To assess the effects of the integrated community case management (iCCM) strategy on coverage of appropriate treatment for childhood illness by an appropriate provider, quality of care, case load or severity of illness at health facilities, mortality, adverse events and coverage of careseeking for children younger than five years of age in low- and middle-income countries.

Search strategy: 

We searched CENTRAL, MEDLINE, Embase and CINAHL on 7 November 2019, Virtual Health Library on 8 November 2019, and Popline on 5 December 2018, three other databases on 22 March 2019 and two trial registers on 8 November 2019. We performed reference checking, and citation searching, and contacted study authors to identify additional studies.

Selection criteria: 

Randomized controlled trials (RCTs), cluster-RCTs, controlled before-after studies (CBAs), interrupted time series (ITS) studies and repeated measures studies comparing generic WHO/UNICEF iCCM (or local adaptation thereof) for at least two iCCM diseases with usual facility services (facility treatment services) with or without single disease community case management (CCM). We included studies reporting on coverage of appropriate treatment for childhood illness by an appropriate provider, quality of care, case load or severity of illness at health facilities, mortality, adverse events and coverage of careseeking for under-fives in low- and middle-income countries.

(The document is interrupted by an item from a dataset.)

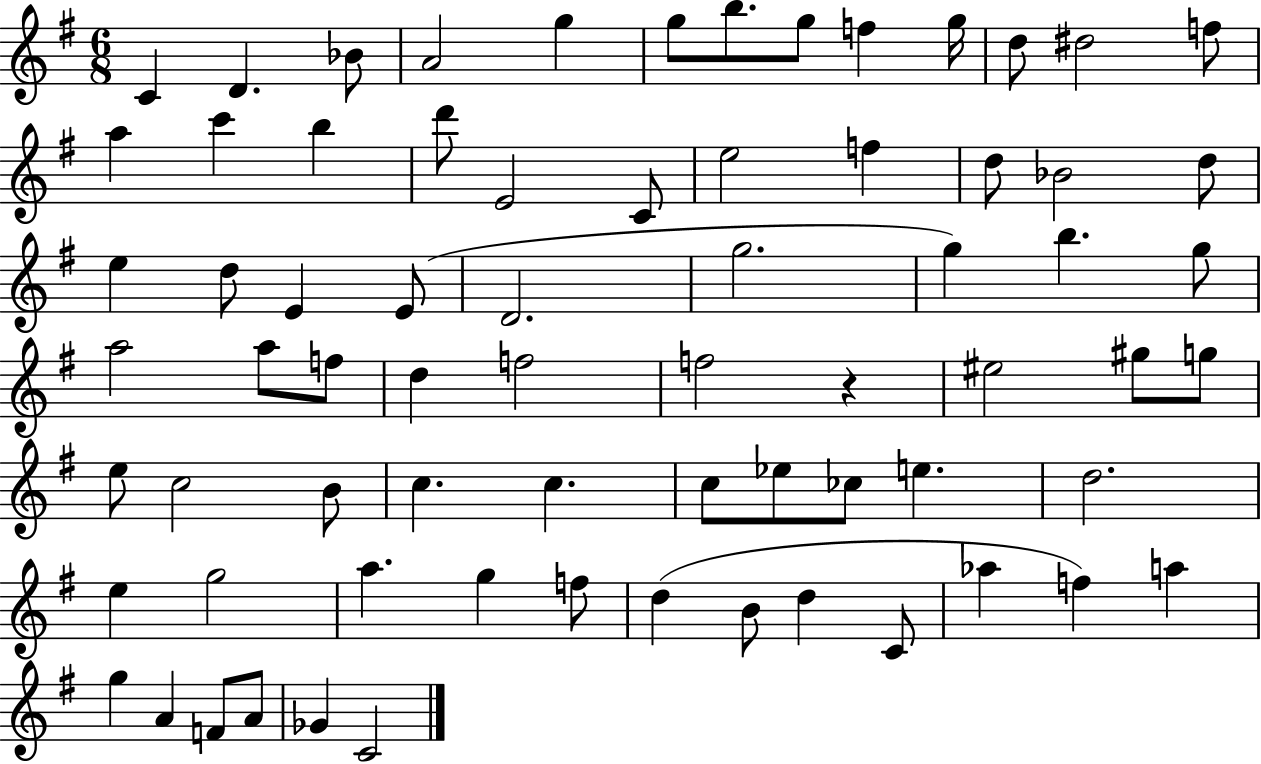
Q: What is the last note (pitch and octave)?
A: C4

Data collection and analysis: 

At least two review authors independently screened abstracts, screened full texts and extracted data using a standardised data collection form adapted from the EPOC Good Practice Data Collection Form. We resolved any disagreements through discussion or, if required, we consulted a third review author not involved in the original screening. We contacted study authors for clarification or additional details when necessary. We reported risk ratios (RR) for dichotomous outcomes and hazard ratios (HR) for time to event outcomes, with 95% confidence intervals (CI), adjusted for clustering, where possible. We used estimates of effect from the primary analysis reported by the investigators, where possible. We analysed the effects of randomized trials and other study types separately. We used the GRADE approach to assess the certainty of evidence.

Main results: 

We included seven studies, of which three were cluster RCTs and four were CBAs. Six of the seven studies were in SSA and one study was in Southern Asia.

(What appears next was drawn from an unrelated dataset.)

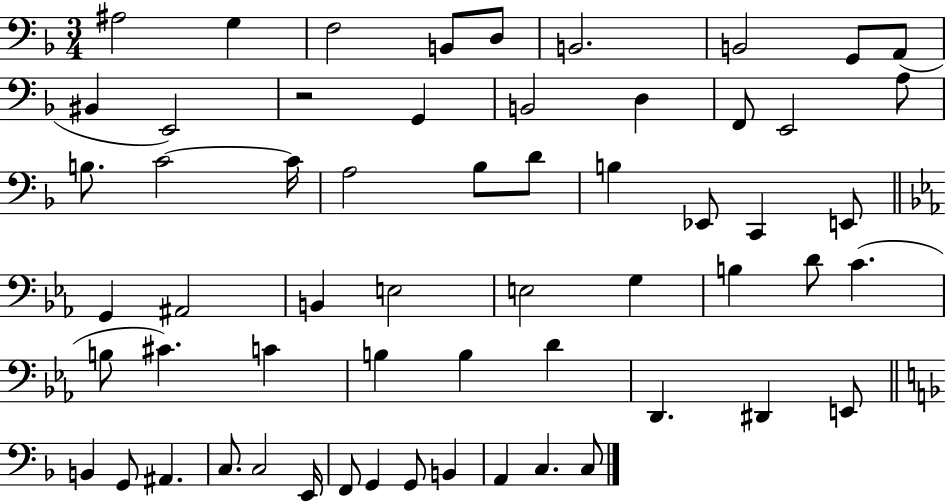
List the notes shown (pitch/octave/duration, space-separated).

A#3/h G3/q F3/h B2/e D3/e B2/h. B2/h G2/e A2/e BIS2/q E2/h R/h G2/q B2/h D3/q F2/e E2/h A3/e B3/e. C4/h C4/s A3/h Bb3/e D4/e B3/q Eb2/e C2/q E2/e G2/q A#2/h B2/q E3/h E3/h G3/q B3/q D4/e C4/q. B3/e C#4/q. C4/q B3/q B3/q D4/q D2/q. D#2/q E2/e B2/q G2/e A#2/q. C3/e. C3/h E2/s F2/e G2/q G2/e B2/q A2/q C3/q. C3/e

The iCCM components and inputs were fairly consistent across the seven studies with notable variation for the training and deployment component (e.g. on payment of iCCM providers) and the system component (e.g. on improving information systems).

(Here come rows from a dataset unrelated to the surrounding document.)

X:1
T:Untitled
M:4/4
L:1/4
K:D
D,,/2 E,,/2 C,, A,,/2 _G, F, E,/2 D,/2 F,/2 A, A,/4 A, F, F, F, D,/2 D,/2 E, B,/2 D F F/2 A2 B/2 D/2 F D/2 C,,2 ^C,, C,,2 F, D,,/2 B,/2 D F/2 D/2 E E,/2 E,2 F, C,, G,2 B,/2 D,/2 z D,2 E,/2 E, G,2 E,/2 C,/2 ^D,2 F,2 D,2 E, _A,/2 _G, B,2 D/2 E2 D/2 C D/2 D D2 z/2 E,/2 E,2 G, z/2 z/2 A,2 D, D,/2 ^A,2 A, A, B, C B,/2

When compared to usual facility services, we are uncertain of the effect of iCCM on coverage of appropriate treatment from an appropriate provider for any iCCM illness (RR 0.96, 95% CI 0.77 to 1.19; 2 CBA studies, 5898 children; very low-certainty evidence). iCCM may have little to no effect on neonatal mortality (HR 1.01, 95% 0.73 to 1.28; 2 trials, 65,209 children; low-certainty evidence). We are uncertain of the effect of iCCM on infant mortality (HR 1.02, 95% CI 0.83 to 1.26; 2 trials, 60,480 children; very low-certainty evidence) and under-five mortality (HR 1.18, 95% CI 1.01 to 1.37; 1 trial, 4729 children; very low-certainty evidence). iCCM probably increases coverage of careseeking to an appropriate provider for any iCCM illness by 68% (RR 1.68, 95% CI 1.24 to 2.27; 2 trials, 9853 children; moderate-certainty evidence). None of the studies reported quality of care, severity of illness or adverse events for this comparison.

When compared to usual facility services plus CCM for malaria, we are uncertain of the effect of iCCM on coverage of appropriate treatment from an appropriate provider for any iCCM illness (very low-certainty evidence) and iCCM may have little or no effect on careseeking to an appropriate provider for any iCCM illness (RR 1.06, 95% CI 0.97 to 1.17; 1 trial, 811 children; low-certainty evidence). None of the studies reported quality of care, case load or severity of illness at health facilities, mortality or adverse events for this comparison.